Proving the Total Energy Density of Planck-Body Law: λ to f Domain Conversion

[thatguy14]

Homework Statement

Starting from the Planck-Body Law

I$_{λ}$dλ = $\frac{2\pi c^{2}h}{λ^{5}}$ $\frac{1}{e^{hc/(λkT)} - 1}$dλ

where λ is the wavelength, c is the speed of light in a vaccuum, T is the temperature, k is Boltzmann’s constant,
and h is Planck’s constant, prove that the total energy density over all wavelengths is given by

I$_{tot}$ = aT$^{4}$

and express a in terms of pi,k,h,c

Homework Equations

λ = c/f

The Attempt at a Solution

Our teacher gives us a hint "think about whether it is better to do the integral in the wavelength or frequency domain" - which in this case means he wants us to switch to the frequency domain. I did try a bunch of things but I am just not sure if my first step is correct. To switch to the frequency domain, all I havr to do is plug in

λ = c/f
and
dλ = -c/f$^{2}$

correct? Or is this first step wrong

 

[Simon Bridge]

dλ = -c/f² ... there should be a df in there somewhere.
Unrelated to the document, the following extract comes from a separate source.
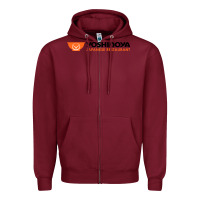 Burgundy suitable-yoshinoya-worn Zipper Hoodie - linhVisuals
$$\renewcommand{\d}{\;\text{d}}$$ $$I_\lambda \d\lambda = \frac{2\pi c^2 h}{\lambda^5}\frac{\d \lambda}{e^{hc/\lambda kT}-1}$$ ... can you see why it may be easier to change to frequency domain?

Note: when a hint says to "think about" something, you usually get extra marks for showing that you actually thought about it instead of just taking the hint blindly. Sometimes a teacher will hive you a false "think about" in the hint and you are supposed to dismiss it with reasoning. Therefore: check that the hint makes sense.